According to the US State Department's 1990 human rights report, there are between 20,000 and 50,000 Slavic speakers in northern Greece, many of whom live in the relatively underdeveloped area along the border between Greece and the Republic of Macedonia. Although a majority of these people have a Greek national identity (that is, they identify themselves as Greeks and as Macedonians, or as Greek-Macedonians), a significant number of them have a Macedonian national identity (that is, they identify themselves as Macedonians and not as Greeks). Since the mid-1980s a small number of these Macedonians have become politically active and begun to demand human rights for the Macedonian minority in Greece.

Among the goals of these activists is the repeal of several specific laws which discriminate against Macedonians. Two laws (passed in 1982 and 1985) explicitly exclude Macedonians from the general amnesty under which political refugees who left Greece after the civil war were allowed to return to Greece and reclaim their property only if they were "Greek by birth." Another law (passed in 1982) ceased to recognize university degrees obtained in the Republic of Macedonia on the grounds that Macedonian was not an internationally recognized language.

More generally, these Macedonian human rights activists seek recognition by the Greek government of the existence of a Macedonian minority in Greece. They are working to end discrimination against Macedonians in Greece in the fields of education and employment, as well as in other areas of social, cultural, and political life. They want Macedonians in Greece to have the right to attend church services in Macedonian, to receive their primary and secondary education in Macedonian, and to publish newspapers and broadcast radio and television programs in Macedonian. They also want the right to establish Macedonian cultural organizations. Finally, these groups have protested against police interference with village festivals where Macedonian folk songs and dances are performed, as well as against the harassment and persecution of Macedonian human rights activists, some of whom have been dismissed from their jobs, denied entry into Greece, and deprived of their Greek citizenship.

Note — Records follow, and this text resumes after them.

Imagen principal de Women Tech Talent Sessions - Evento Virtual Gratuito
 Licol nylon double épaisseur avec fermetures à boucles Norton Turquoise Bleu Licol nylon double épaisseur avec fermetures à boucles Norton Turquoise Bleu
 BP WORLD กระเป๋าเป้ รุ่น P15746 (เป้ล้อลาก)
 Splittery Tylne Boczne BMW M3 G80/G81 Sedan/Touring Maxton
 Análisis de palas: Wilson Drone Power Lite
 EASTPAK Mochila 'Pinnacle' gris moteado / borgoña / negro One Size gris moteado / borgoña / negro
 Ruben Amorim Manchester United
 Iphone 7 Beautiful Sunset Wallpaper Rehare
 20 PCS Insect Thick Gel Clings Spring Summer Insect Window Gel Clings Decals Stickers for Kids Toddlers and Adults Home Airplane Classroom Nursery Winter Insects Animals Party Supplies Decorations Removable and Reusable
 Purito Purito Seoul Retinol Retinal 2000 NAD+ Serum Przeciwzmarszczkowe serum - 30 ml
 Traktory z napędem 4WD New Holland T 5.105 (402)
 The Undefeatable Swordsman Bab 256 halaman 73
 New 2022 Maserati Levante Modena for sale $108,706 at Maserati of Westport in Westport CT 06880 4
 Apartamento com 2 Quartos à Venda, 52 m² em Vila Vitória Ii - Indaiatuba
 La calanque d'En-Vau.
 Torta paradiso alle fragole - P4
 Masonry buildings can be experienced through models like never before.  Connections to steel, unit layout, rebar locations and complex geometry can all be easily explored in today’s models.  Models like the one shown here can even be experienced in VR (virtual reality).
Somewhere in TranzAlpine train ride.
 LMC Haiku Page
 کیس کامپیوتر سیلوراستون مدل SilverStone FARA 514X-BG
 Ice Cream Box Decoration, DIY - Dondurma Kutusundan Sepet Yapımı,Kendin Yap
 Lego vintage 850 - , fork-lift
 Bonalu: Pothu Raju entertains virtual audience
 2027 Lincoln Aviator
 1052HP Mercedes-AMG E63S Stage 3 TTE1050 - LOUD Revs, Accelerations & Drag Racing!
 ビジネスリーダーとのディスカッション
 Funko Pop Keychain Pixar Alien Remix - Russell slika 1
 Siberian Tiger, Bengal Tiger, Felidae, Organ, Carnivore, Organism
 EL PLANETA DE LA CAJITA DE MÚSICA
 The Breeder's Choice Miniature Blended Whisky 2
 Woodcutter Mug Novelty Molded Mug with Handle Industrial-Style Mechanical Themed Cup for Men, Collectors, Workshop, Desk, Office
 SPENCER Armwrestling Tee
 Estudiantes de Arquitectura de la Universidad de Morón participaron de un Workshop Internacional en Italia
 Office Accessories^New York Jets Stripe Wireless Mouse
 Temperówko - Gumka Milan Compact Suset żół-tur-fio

A Dispute Over Cultural Property

The dispute between Greeks and Macedonians over which group has the right to identify itself as Macedonian is a dispute between the proponents of two nationalist ideologies over the possession of national identities, histories, and cultures, all of which from a nationalist perspective are considered to be the property of the nation. It is a dispute over the ownership of cultural property in which each of two nations has attempted to place a copyright or trademark on what it considers to be its own name, its own national emblems, and its own famous ancestors. Since a nation's culture is as much its possession as its territory, the appropriation of this culture by another nation is seen as a threat to territorial integrity.

From an anthropological perspective, however, it is evident that in this dispute between Greeks and Macedonians, two different national identities and cultures are being constructed from the same raw materials, from the same set of powerful national symbols. While territory must be the mutually exclusive possession of one state or another--a particular village can only be located in Greece or in the Republic of Macedonia--not only can two cultures coexist in one place, but two different peoples with two different nationalities can share the same name. From a perspective in which symbols can have more than one meaning and names more than one referent, there can be two kinds of Macedonians--Macedonians who are Greeks and Macedonians who are not Greeks. Similarly, there can be a Macedonia which is an independent country and a Macedonia which is a region in another country.

While such a solution may create some confusion, it is preferable to a solution which denies Macedonians who are not Greeks the right to identify themselves as Macedonians. It is preferable to a solution which not only denies the existence of a nation and a minority, but also tries to destroy the identity, language, and culture of this minority. Such an approach is an expression of the same kind of ethnic nationalism that in times of economic chaos and political collapse can all too easily lead to the kind of ethnic cleansing now taking place in other parts of the former Yugoslavia.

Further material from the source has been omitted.